Op Mars is water te vinden en Mars heeft een atmosfeer, maar toch maar ene van de magere kant gezien zijn samenstelling en nog afgezien van de druk ervan die amper een fractie bedraagt van wat we hier op aarde gewoon zijn. Gezien de afstand tot de zon en een broeikaseffect van de atmosfeer dat van weinig of geen betekenis is, varieert de temperatuur er van -140°C, waarbij een deel van de koolzuuratmosfeer er bevriest tot zgn. droogijs of koolzuursneeuw, tot (jawel) +20°C. Vergelijk hier de temperaturen van de tweelingzuster van de aarde, onze barre maan: van -180°C tot +130°C, vnl. als gevolg van helemaal geen atmosfeer (alle gassen verdwenen hier in de ruimte). Vergelijk hier meteen ook maar eens Venus, de andere naaste (binnen-)buur van de aarde, quasi even groot en met een dichte atmosfeer, maar die het door zijn kleinere afstand tot de zon (0,723 AU) het moet uitzweten bij een gemiddelde temperatuur van 460°C! Je mag wel van geluk spreken, niet op de maan, niet op Mars of Venus, maar op deze aarde geboren te zijn, niet?

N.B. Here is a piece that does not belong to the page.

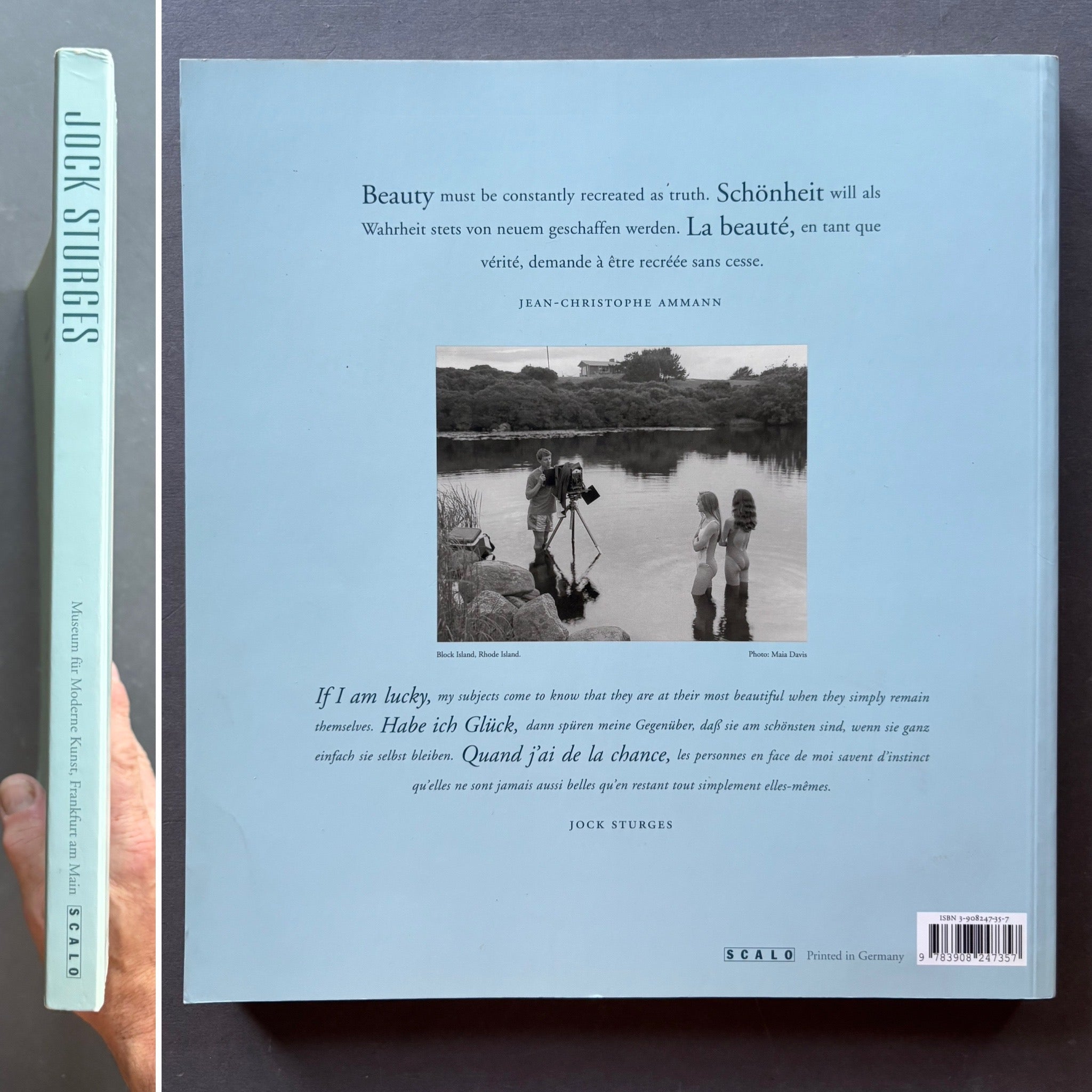 Buy Jock Sturges online – Setanta Books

Het ontstaan van leven zoals wij het hier kennen is op Mars niet uitgesloten. Over het feit zelf en de condities daarvoor nodig, worden nog altijd veel vragen gesteld. De toekomst zal hier duidelijkheid moeten brengen.

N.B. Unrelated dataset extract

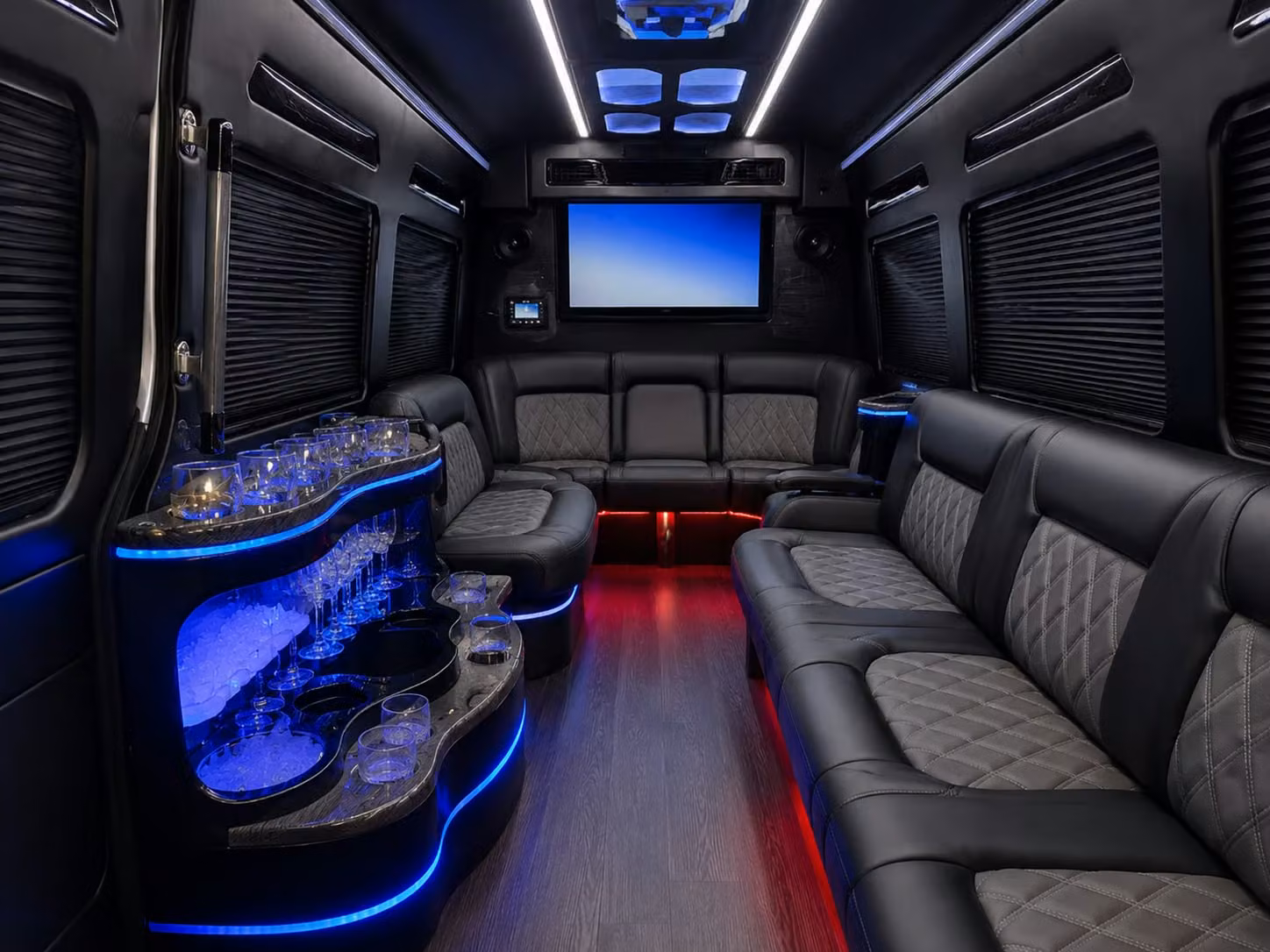 sprinter limousine interior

Of maar, ook het eerste Marsstation bemand en wel tot de realiteit zal behoren, ook dat zal de toekomst moeten uitwijzen, maar voor het zover is, zal er nog heel wat vloeibaar water naar de zeeën van onze planeet gevloeid zijn. Daarbij zal de duur van de reis -in het gunstigste geval zes maand enkel- heus niet het geringste obstakel zijn.

Met alle respect voor ons schitterend zonnestelsel, maar IK alvast, hou het voorlopig bij: "Voor mij, ne gewone Mars, Madam!".